[WORK INSTRUCTIONS]: Lines from the line with "So once you're" to the line with "Hey Mead Mountaineers!" in the entries below, and only those, must be output exactly, with both ends included.

[DATASET CONTENT]:

########################################

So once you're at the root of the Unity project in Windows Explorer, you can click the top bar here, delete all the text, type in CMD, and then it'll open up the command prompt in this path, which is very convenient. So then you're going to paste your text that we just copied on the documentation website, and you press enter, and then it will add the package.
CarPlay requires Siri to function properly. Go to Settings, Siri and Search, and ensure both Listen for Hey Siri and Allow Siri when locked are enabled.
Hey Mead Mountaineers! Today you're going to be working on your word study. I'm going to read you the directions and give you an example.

########################################

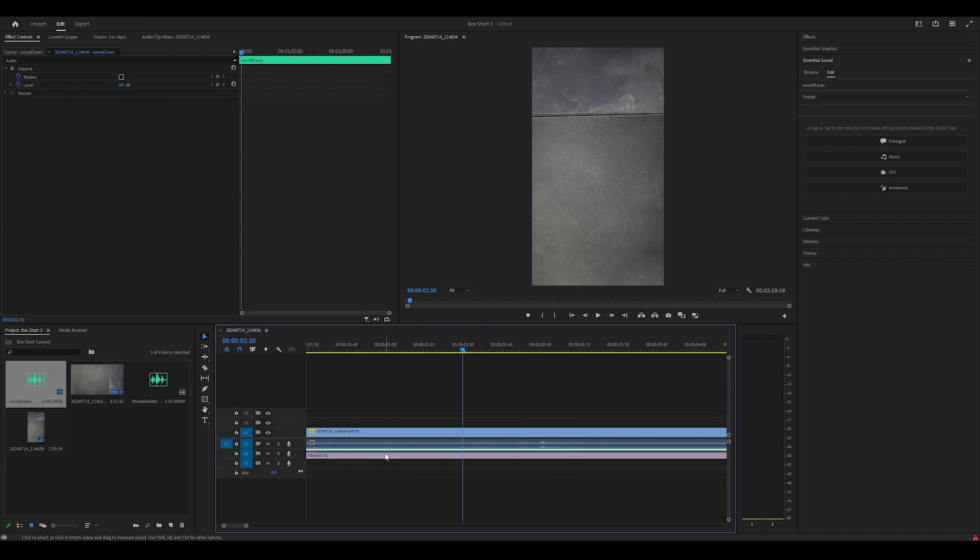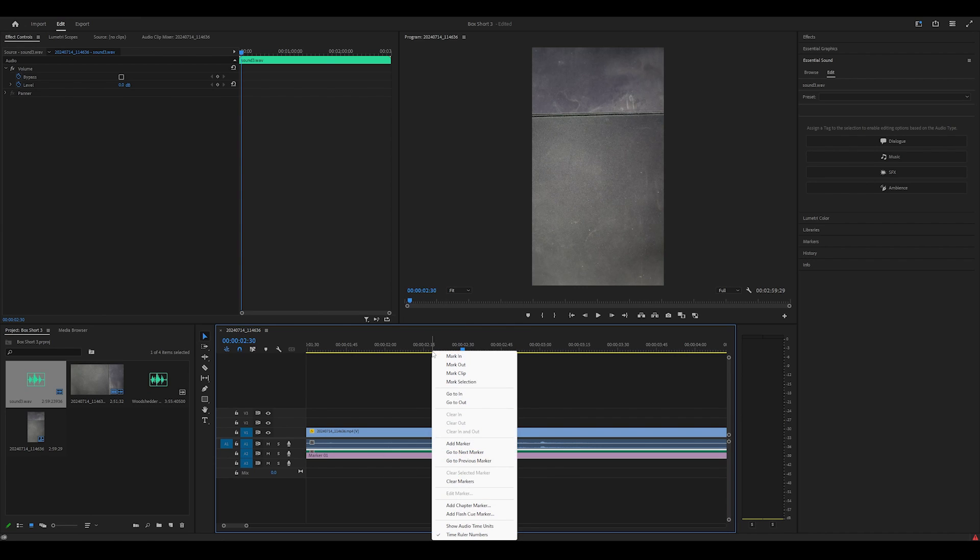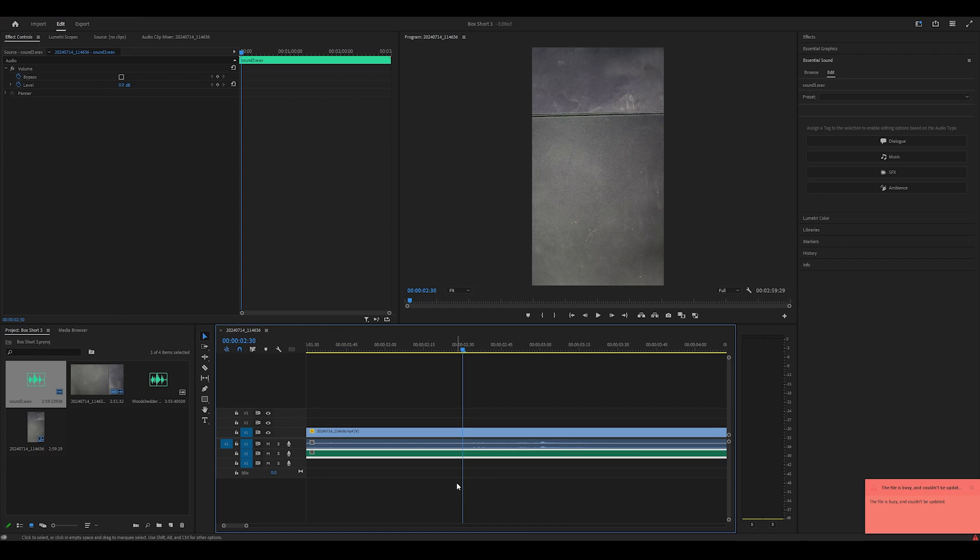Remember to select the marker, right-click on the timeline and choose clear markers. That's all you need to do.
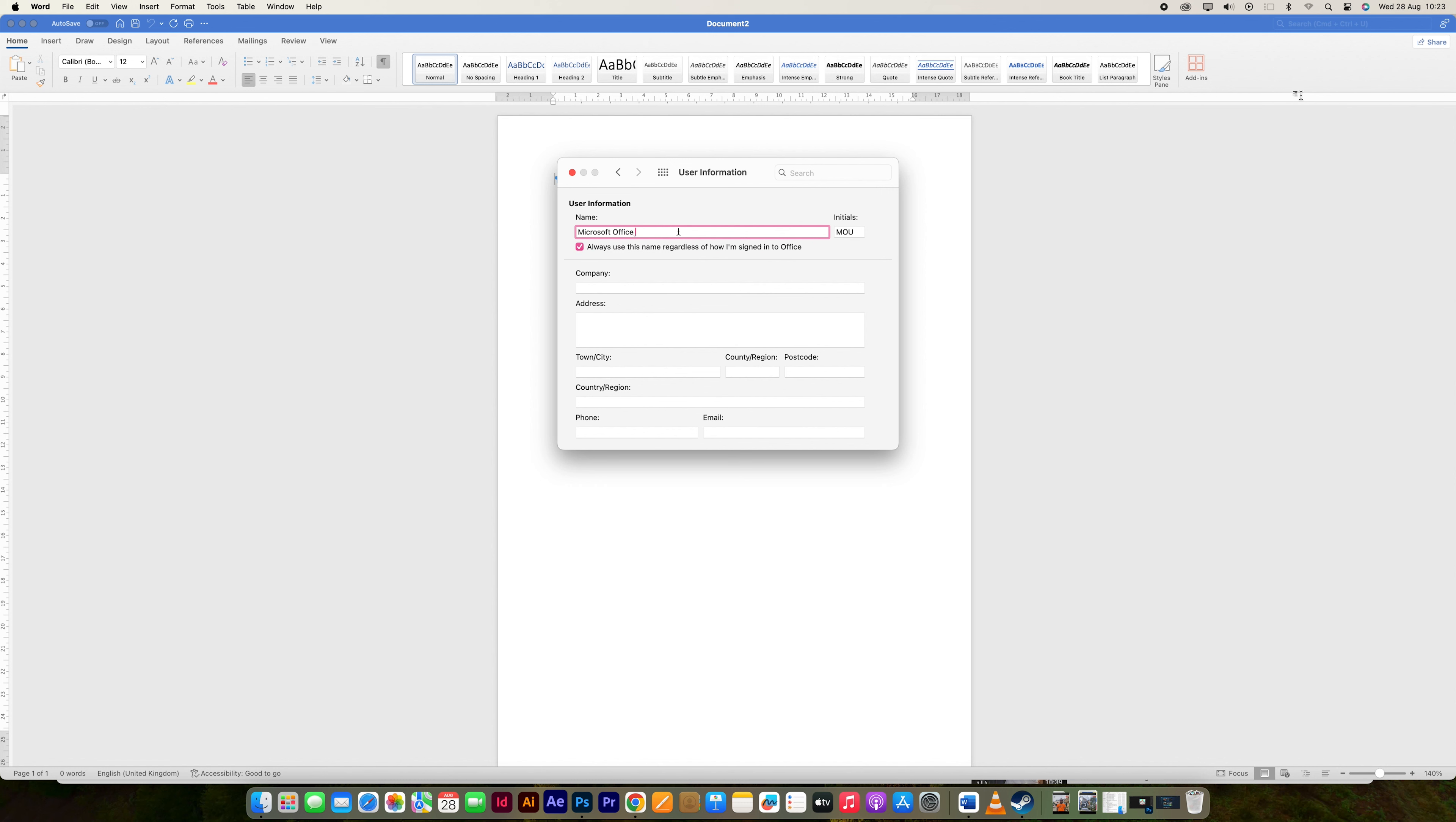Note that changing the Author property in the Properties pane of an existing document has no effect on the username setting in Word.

########################################

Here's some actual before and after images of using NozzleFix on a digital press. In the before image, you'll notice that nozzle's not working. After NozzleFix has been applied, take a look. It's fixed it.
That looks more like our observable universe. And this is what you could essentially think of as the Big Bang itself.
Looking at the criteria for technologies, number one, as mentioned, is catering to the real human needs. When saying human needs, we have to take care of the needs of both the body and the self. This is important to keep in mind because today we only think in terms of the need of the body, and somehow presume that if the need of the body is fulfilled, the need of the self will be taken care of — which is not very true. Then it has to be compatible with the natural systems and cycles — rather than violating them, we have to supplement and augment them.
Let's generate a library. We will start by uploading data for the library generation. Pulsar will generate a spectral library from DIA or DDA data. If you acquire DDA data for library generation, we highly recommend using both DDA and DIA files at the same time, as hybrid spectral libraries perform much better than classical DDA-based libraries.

########################################

[TASK RESPONSE]:
So once you're at the root of the Unity project in Windows Explorer, you can click the top bar here, delete all the text, type in CMD, and then it'll open up the command prompt in this path, which is very convenient. So then you're going to paste your text that we just copied on the documentation website, and you press enter, and then it will add the package.
CarPlay requires Siri to function properly. Go to Settings, Siri and Search, and ensure both Listen for Hey Siri and Allow Siri when locked are enabled.
Hey Mead Mountaineers! Today you're going to be working on your word study. I'm going to read you the directions and give you an example.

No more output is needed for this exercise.